[Opening RECORDS SHOWN section]

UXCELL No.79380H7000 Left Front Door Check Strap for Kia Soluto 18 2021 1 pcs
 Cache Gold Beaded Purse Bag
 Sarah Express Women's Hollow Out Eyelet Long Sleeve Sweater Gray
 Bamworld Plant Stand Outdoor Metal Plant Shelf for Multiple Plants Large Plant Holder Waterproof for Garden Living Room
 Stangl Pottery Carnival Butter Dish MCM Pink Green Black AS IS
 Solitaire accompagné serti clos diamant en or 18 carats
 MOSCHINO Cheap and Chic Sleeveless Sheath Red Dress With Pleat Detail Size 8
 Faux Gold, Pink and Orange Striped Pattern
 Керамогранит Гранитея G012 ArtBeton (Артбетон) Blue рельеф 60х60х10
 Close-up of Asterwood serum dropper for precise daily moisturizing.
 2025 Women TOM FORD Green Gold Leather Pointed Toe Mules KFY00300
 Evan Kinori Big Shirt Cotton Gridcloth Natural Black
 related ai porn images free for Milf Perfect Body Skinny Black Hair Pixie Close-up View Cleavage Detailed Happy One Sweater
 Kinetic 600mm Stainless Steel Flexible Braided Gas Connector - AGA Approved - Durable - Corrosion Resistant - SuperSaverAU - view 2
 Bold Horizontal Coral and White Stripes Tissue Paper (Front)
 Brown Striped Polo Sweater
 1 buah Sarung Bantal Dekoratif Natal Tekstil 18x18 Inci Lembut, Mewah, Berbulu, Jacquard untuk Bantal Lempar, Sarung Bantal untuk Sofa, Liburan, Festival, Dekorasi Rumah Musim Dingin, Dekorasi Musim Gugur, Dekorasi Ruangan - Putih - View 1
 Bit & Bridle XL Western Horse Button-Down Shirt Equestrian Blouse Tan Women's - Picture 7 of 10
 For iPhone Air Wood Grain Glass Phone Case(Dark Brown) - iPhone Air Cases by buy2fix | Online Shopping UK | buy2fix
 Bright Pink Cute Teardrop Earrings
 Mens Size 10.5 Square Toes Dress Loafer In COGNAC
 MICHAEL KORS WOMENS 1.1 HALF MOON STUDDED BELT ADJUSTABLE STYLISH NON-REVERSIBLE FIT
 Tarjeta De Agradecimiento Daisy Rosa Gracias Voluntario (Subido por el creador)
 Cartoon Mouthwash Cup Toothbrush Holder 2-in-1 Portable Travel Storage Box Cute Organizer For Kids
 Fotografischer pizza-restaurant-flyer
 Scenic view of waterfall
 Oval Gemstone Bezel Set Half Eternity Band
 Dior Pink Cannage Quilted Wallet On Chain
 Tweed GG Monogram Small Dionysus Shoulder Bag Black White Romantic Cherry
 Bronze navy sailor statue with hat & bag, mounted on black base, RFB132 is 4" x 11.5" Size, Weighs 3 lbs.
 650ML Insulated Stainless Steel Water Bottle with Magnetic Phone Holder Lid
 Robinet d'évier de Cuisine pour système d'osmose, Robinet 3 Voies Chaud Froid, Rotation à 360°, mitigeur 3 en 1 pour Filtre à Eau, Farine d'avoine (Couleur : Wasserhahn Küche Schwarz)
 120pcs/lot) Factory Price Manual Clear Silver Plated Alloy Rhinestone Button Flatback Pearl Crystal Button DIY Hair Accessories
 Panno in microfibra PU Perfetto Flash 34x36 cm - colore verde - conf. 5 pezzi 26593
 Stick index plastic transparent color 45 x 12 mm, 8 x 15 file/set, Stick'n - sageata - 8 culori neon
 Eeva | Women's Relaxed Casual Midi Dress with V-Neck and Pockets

[Closing RECORDS SHOWN section]

**ASSIGNMENT:** All of the lines above that carry the string "Striped" need to be found and copied.

**OUTPUT FOR THIS TASK:**
 Faux Gold, Pink and Orange Striped Pattern
 Brown Striped Polo Sweater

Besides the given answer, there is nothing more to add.